The Vivitar 283 was introduced in 1970 and at that time, it was a high power top-of-the-line shoe-mount flash. Its thyristor circuit was extremely advanced for its time because for any film speed within its ISO range, it provides a selection of four different f-stops for automatic flash operation plus exposure-check indicator. If the flash is used off-shoe, there is also an optional remote sensor cord (SC2) that allows the sensor to be detached from the flash and pointed to any desired direction for more accurate exposure. Also, the 283 is very powerful. At ASA100, it has a giude number of 120 with full coverage for a 35mm lens (on 35mm film or full-frame sensor). How powerful is this? For comparison, according to information source on the Internet, Nikon SB-900 is rated at approximately GN111 at ASA100 when its head is zoomed to 35mm position. Moreover, like many other professional level flashes, the 283 has a connection jack (beside the sync cord connection, see photo above) for external power-pack. It could be for these reasons above that a total of 3 millions were made just within the first three years after its introduction!

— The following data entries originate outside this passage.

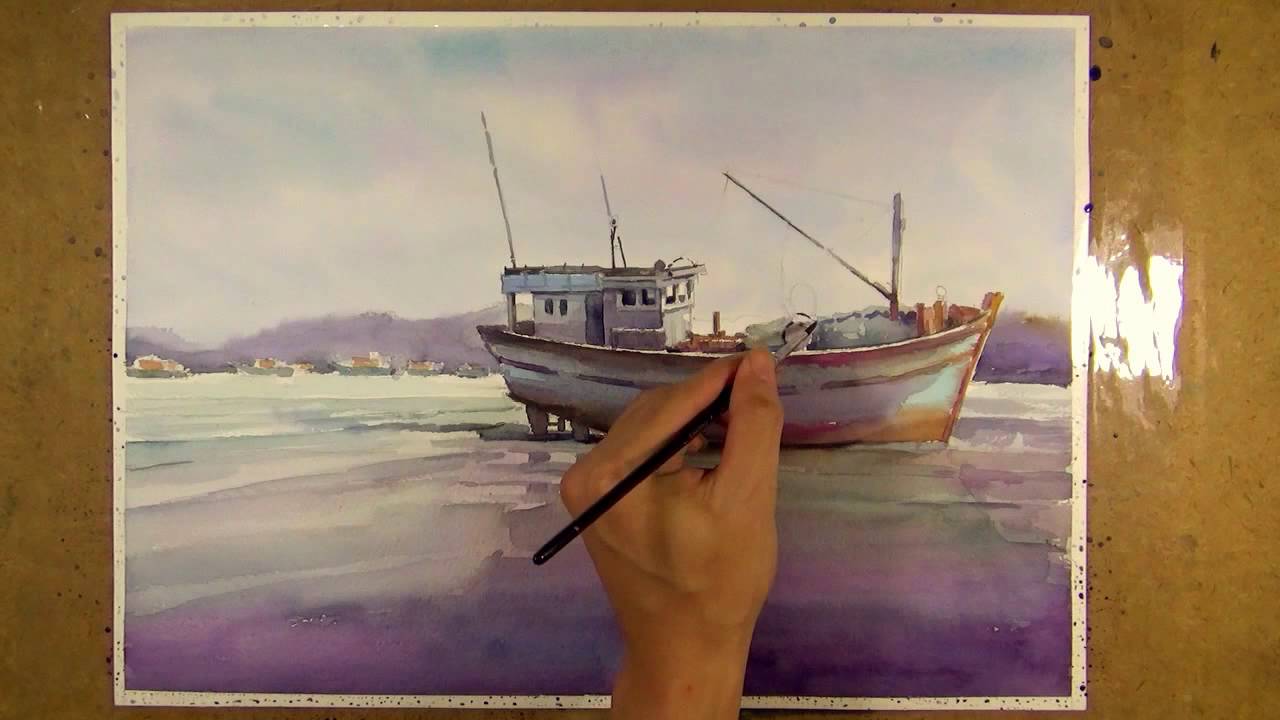 1280x720 Watercolor Painting Fishing Boat On The Beach
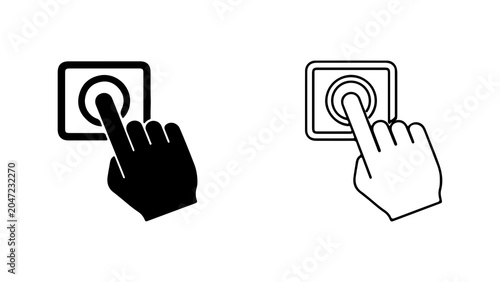 Hand Finger Pressing Button Icon Set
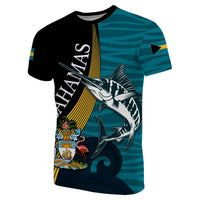 Bahamas Emancipation Day T-shirt in black/teal with swordfish and badge graphic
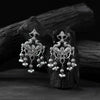 Saanjh Bela Mayura Black Oxidised Earrings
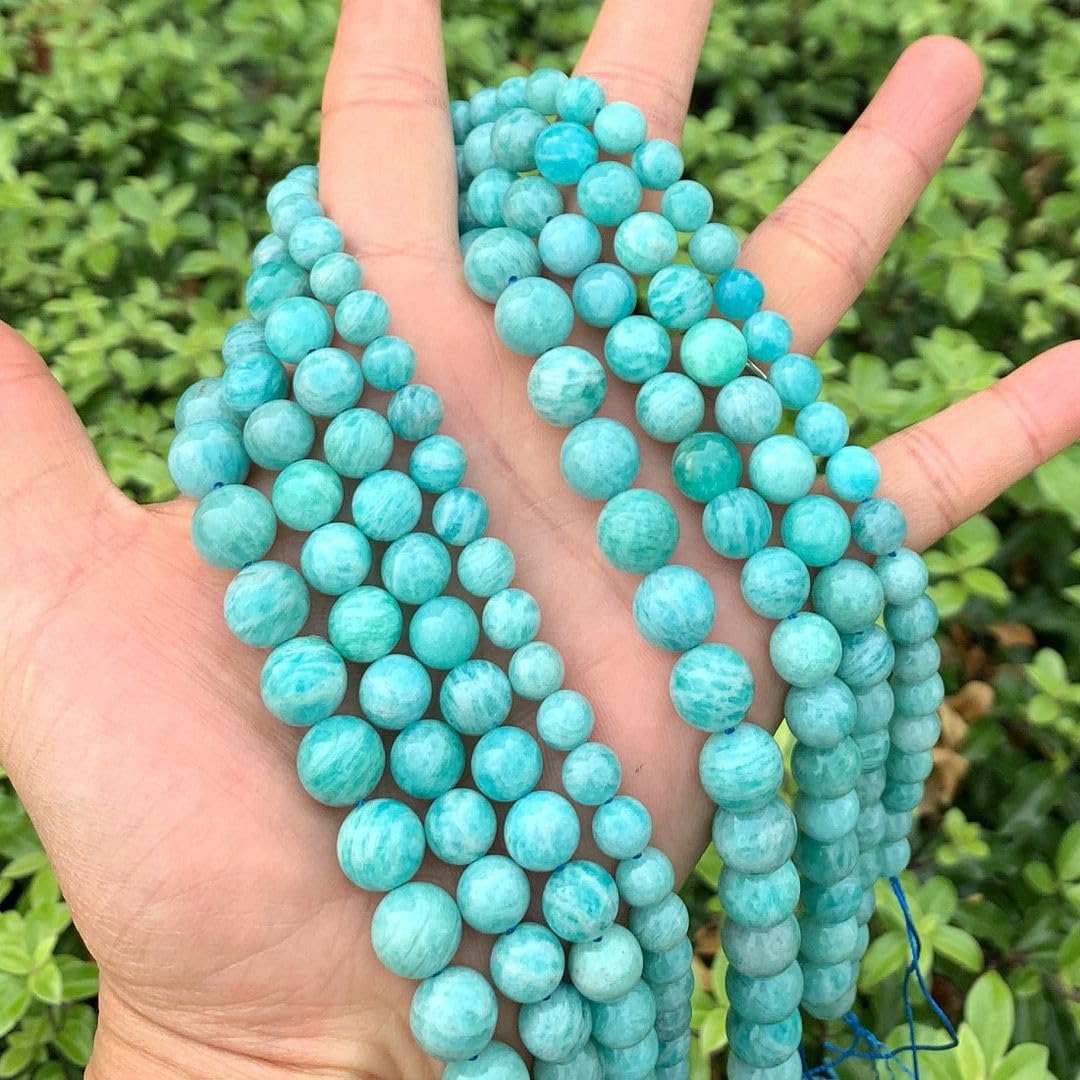 90pcs Adabele Natural Grade A Brazil Amazonite Healing Gemstone 8mm Round Loose Beads Gem Stone Spacer for DIY Craft Jewelry Making GE8-8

Even today, the 283 and its modern successor 285HV are still being used by many serious amateurs and even professionals. Both models, especially the more flexible and DSLR-safe 285HV, are still in high demands in the used market. 283 is less flexible because it does not have a zoom head (full 35mm coverage without wide-angle attachment) and manual power control built-in like the 285HV. An optional vari-power module (VP1) is available for power output control (in steps of: 1/64, 1/32/, 1/16, 1/8, 1/4, 1/2 and full power) but it is getting harder and harder to find today. There are also DIY modifications of the flash on the Internet but they require certain level of understanding and skill in electronic circuits. Also, the 283 (and many other flashes in the film-era) has a high enough triggering voltage to cook the sync-circuit of a DSLR when it is being triggered by the hotshoe or PC-sync port but of course, it will be fine if you fire the 283 by using an optical or radio slave.
One thing strange about Vivitar flashes (283 and 285HV alike) is they have a non-standard(ISO) PC-sync terminal and thus require a proprietary sync cord. To my knowledge, Vivitar made two of these and they are the straight 1′ PC-1 and coiled 3.3′ PC-31 (photo above). My 283 does not come with a sync cord so I need to pay extra for one but given its price ($10CAD!!!), it is still a very very good deal. However, poor me bought the boxed one in the photo above for only $1CAD AFTER I got my first used one without a box for $8CAD (so now I have a spared one…might be for the future purchase of a 285HV?)